Bayangan seorang laksana setan melayang muncul dari balik pohon, ternyata seorang pemuda pelajar berjubah hijau dan berwajah tampan. Enam jago pedang segera menubruk maju menghadang. Tapi sekali pemuda pelajar itu ayunkan tangannya hanya sekejap saja keempat jago pedang itu menjerit ngeri terjungkal mampus. Dua yang masih hidup melompat mundur dengan ketakutan.

"Te-gak Suseng," Ih Ciau menghardik dengan murka. Suaranya terdengar agak gentar pula, suara ini mendatangkan bayangan kabut gelap bagi orang-orang Ngo-hong-kau. Sebaliknya merupakan pancaran sinar harapan bagi murid-murid Kay-pang yang berada di ambang kematian. Tanpa diperintah orang-orang Ngo-hong-kau segera mundur berkumpul sambil siaga.
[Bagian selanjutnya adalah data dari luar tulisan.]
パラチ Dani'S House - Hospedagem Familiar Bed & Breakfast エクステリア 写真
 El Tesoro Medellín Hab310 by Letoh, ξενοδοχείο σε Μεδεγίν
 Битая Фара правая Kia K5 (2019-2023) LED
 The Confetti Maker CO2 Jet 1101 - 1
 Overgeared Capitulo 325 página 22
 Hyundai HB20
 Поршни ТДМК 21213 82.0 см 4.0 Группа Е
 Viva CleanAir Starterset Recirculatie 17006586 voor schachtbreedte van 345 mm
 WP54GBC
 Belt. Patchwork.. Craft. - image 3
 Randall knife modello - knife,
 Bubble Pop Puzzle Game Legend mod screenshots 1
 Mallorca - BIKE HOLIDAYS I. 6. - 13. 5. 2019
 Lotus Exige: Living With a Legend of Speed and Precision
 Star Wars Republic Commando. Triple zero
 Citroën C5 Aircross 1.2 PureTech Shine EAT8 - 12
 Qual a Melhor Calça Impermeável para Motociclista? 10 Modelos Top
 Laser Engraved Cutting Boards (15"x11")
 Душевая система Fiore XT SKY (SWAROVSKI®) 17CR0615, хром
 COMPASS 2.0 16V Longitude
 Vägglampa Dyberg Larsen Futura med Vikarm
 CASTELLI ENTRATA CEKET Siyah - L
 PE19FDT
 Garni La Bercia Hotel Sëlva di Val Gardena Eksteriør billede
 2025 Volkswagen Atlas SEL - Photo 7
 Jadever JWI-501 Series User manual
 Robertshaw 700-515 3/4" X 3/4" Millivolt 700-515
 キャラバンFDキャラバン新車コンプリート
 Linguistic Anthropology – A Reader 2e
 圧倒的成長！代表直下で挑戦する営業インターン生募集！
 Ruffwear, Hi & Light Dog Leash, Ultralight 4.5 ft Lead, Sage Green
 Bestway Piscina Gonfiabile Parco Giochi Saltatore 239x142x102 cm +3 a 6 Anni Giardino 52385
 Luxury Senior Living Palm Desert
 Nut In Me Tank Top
Ji Bun mendekati Ih Ciau, katanya: "Semalam kau berhasil lolos, beberapa jam kau bertambah hidup, sekarang habislah riwayatmu."

"Anak keparat, jangan takabur, siapa yang akan mampus, belum tentu?" teriak Ih Ciau murka. Kedua tangan segera bergerak dengan gempuran sekuat tenaga. Sebagai komandan busu dari markas pusat, tentu kepandaian Ih Ciau bukan olah-olah lihaynya. Apalagi menghadapi mati dan hidup, mau tidak mau dia harus kerahkan setaker kekuatannya, maka dapat dibayangkan betapa dahsyat serangan kedua tangannya ini.

Tidak berkelit juga tidak menghindar? Ji Bun malah menyongsong pukulan lawan dèngan gerakan maju pula. "Plak" ditengah benturan keras, tampak kedua orang terpental mundur setapak. Pada saat Ji Bun terpental mundur itulah puluhan pedang dari sepuluhan orang baju sutera yang punya kepandaian tinggi tiba-tiba menyerang dari berbagai arah dengan gencar dan ketat. Mendengar samberan angin, sebat sekali Ji Bun membalik badan seraya geraki tangannya. Dua orang menjerit roboh, namun tiga pedang berhasil menggores luka badan Ji Bun. Rasa sakit dan perih menambah nafsu dan amarah Ji Bun, Tok-jiu-ji-sek segera dilancarkan. Dua orang terjungkal mampus lagi. Tanpa menimbulkan suara tiba-tiba Ih Ciau menubruk maju dan menyerang dari belakang, telapak tangan kiri dan cengkeraman jari-jari tangan kanan serentak menghantam dan menutuk ke Hiat-to mematikan dipunggung orang.

"Blang," sambil mengerang tertahan badan Ji Bun tersungkur ke depan. Walau terkena pembokongan, namun kedua tangan Ji Bun tidak berhenti bekerja, tiga jago pedang baju sutera berhasil dirobohkan lagi.